Most Christmas ads sell you a feeling. Ametller Origen's sells you a list.

In under a minute, the spot moves through some of the most respected names in Catalan food culture — and it does it fast enough that if you blink, you miss who just appeared on screen.

The pitch is simple: Ametller is the place where the best ingredients come from. Not a supermarket. Not a wholesaler. The source. The ad doesn't say that out loud. It shows you instead — by putting its name next to people and places that already have credibility.

That's the move. Borrowed authority. And it works because the names they borrow are real.

The Names They Put on Screen

The spot opens with Jordi Cruz, the Michelin-starred chef behind Àtempo. Then it moves quickly — Xocolata Eukaryà, a serious chocolate maker. La Gormanda, a Barcelona restaurant people actually fight to get into. Can Jubany in Calldetenes, one star in the Michelin guide. Oriol Balaguer, pastry chef, multiple world titles.

Then Les Cols in Olot — spectacular is the word the video uses, and it's not wrong. And Koy Shunka, the Japanese restaurant in Barcelona that regularly appears on best-in-Spain lists.

Six names. Fifty-nine seconds. Every single one of them has a real reputation.

This isn't product placement. It's positioning. Ametller is saying: these people trust our ingredients. If you cook at home, you should too.

What Ametller Origen Actually Is

If you don't know the brand — Ametller Origen is a Catalan food retailer with a specific identity. Farm to store. Local producers. A strong presence in Barcelona and around Catalonia.

It's not cheap. It's not trying to be. The stores feel more like a deli than a supermarket. The kind of place you go when you care about where the tomato came from.

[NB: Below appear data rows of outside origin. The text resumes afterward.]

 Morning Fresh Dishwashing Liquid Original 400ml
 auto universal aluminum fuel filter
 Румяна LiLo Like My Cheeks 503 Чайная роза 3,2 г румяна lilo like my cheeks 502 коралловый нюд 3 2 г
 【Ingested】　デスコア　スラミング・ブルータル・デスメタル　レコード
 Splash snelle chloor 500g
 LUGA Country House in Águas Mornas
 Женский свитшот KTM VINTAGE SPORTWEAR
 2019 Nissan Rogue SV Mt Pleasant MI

There's a reason the hipster shorthand stuck — a piece in Directo al Paladar called it out directly, asking why Catalans were surrendering to it so completely. The answer is that the product is genuinely good. And the brand is smart about who it puts itself next to.

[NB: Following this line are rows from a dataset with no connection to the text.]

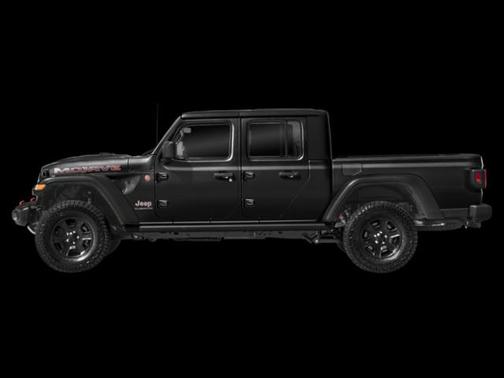 2022 Jeep Gladiator Mojave 4x4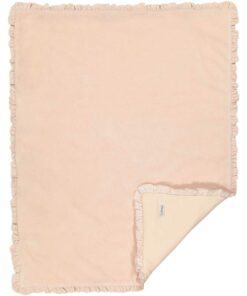 coperta carrozzina rosa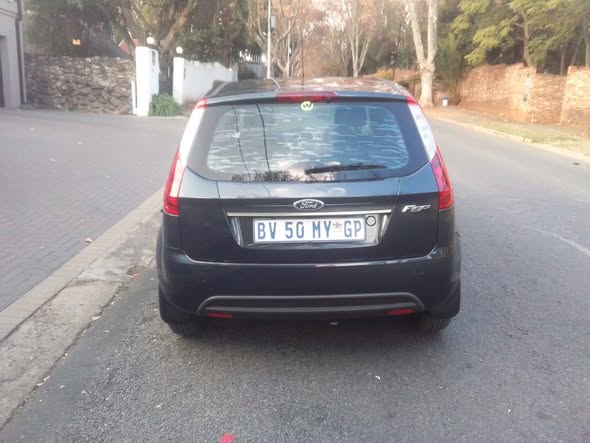 ford figo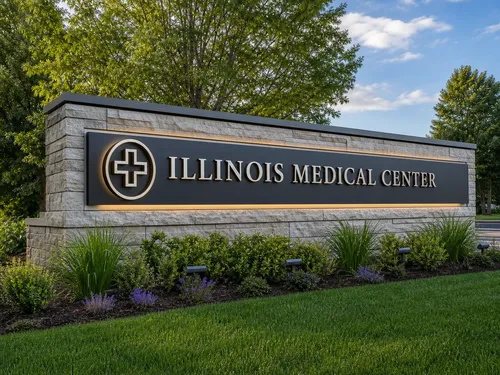 Deerfield, IL Cabinet Signs (Box Signs)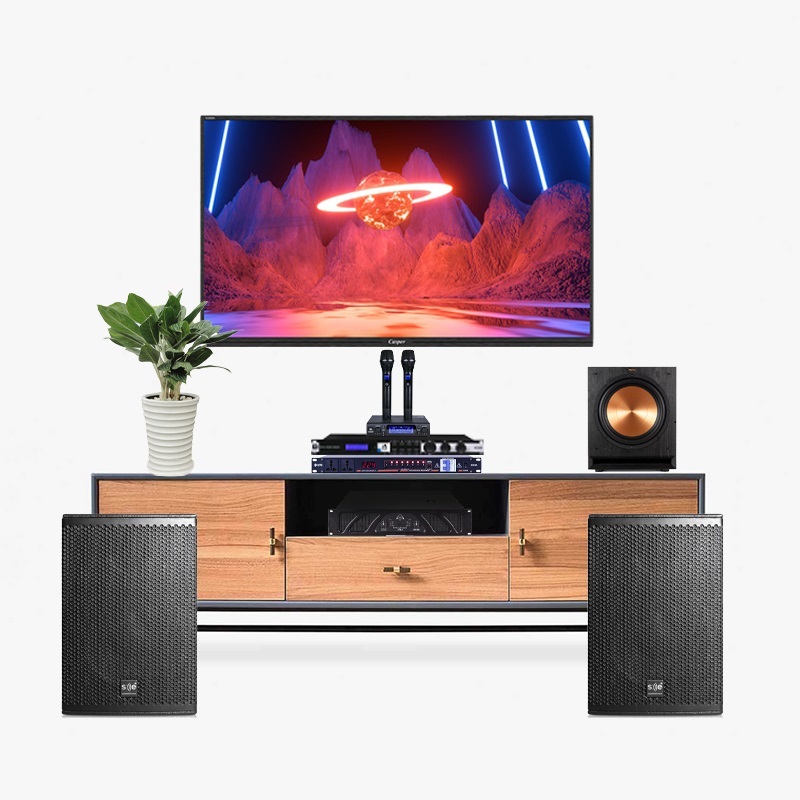 Dàn karaoke SE Audiotechnik, Klipsch LA08 chính hãng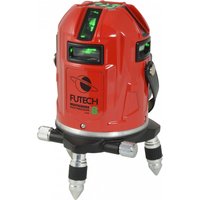 Multicross 8 HP Grün 039.80G von FUTECH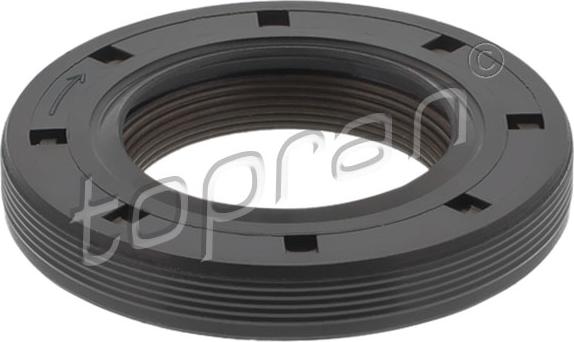 Topran 720 119 - Уплотняющее кольцо, распредвал abcparts.ee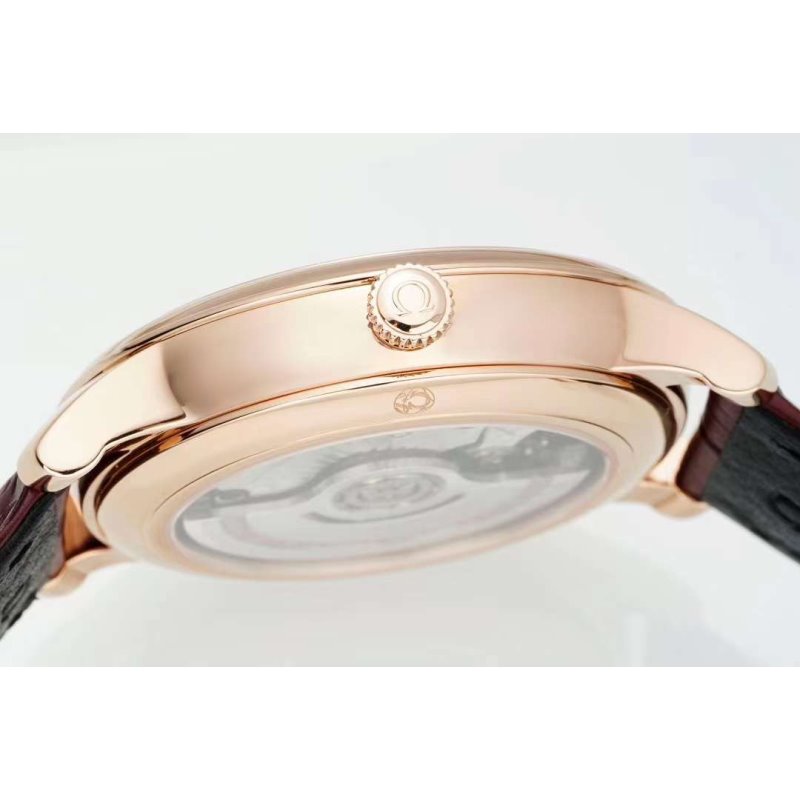 Omega Kinetic Energy Wrist Watch WAT02277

This Christmas ad is a clean example of that smartness. Find your nearest Ametller and you'll see what I mean when you're inside the store.

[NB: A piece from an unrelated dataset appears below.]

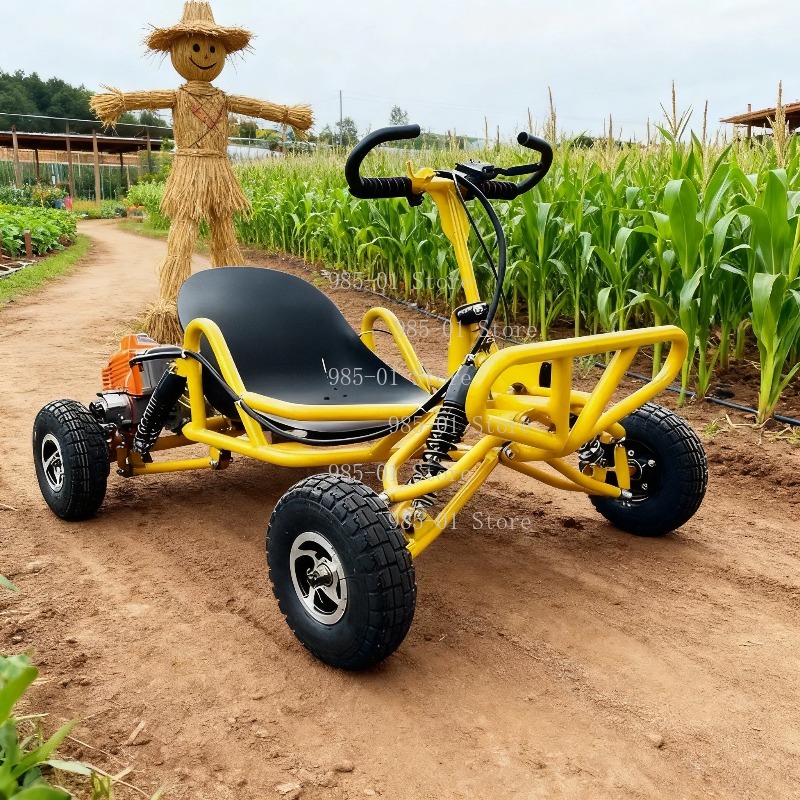 Kart off-road segala medan, se - Mountain Biking For Kids ulasan dan harga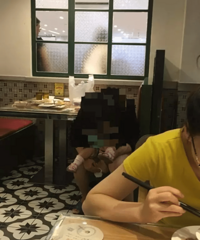 对不起!这位萧山妈妈的行为我不得不曝光!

Why This Kind of Ad Actually Works

The format is almost anti-advertising. No voiceover selling you on quality. No slow-motion shots of vegetables glistening under studio lights. Just names, faces, places — and a cut.

It trusts you to know who Jordi Cruz is. It trusts you to know what a Michelin star means. It trusts you to connect the dots yourself.

That trust is the compliment. And people respond to it.

The production was handled by Play Your Brand, which makes sense — the pacing is tight, nothing is wasted, and the choices of who appears and when feel deliberate rather than random.

Christmas food advertising is a crowded space. Everyone is running slow songs and family tables and golden light. Ametller skips all of that and just says: here are the people who choose us. You decide.

It's a short film made of credibility. And at 59 seconds, it doesn't overstay its welcome.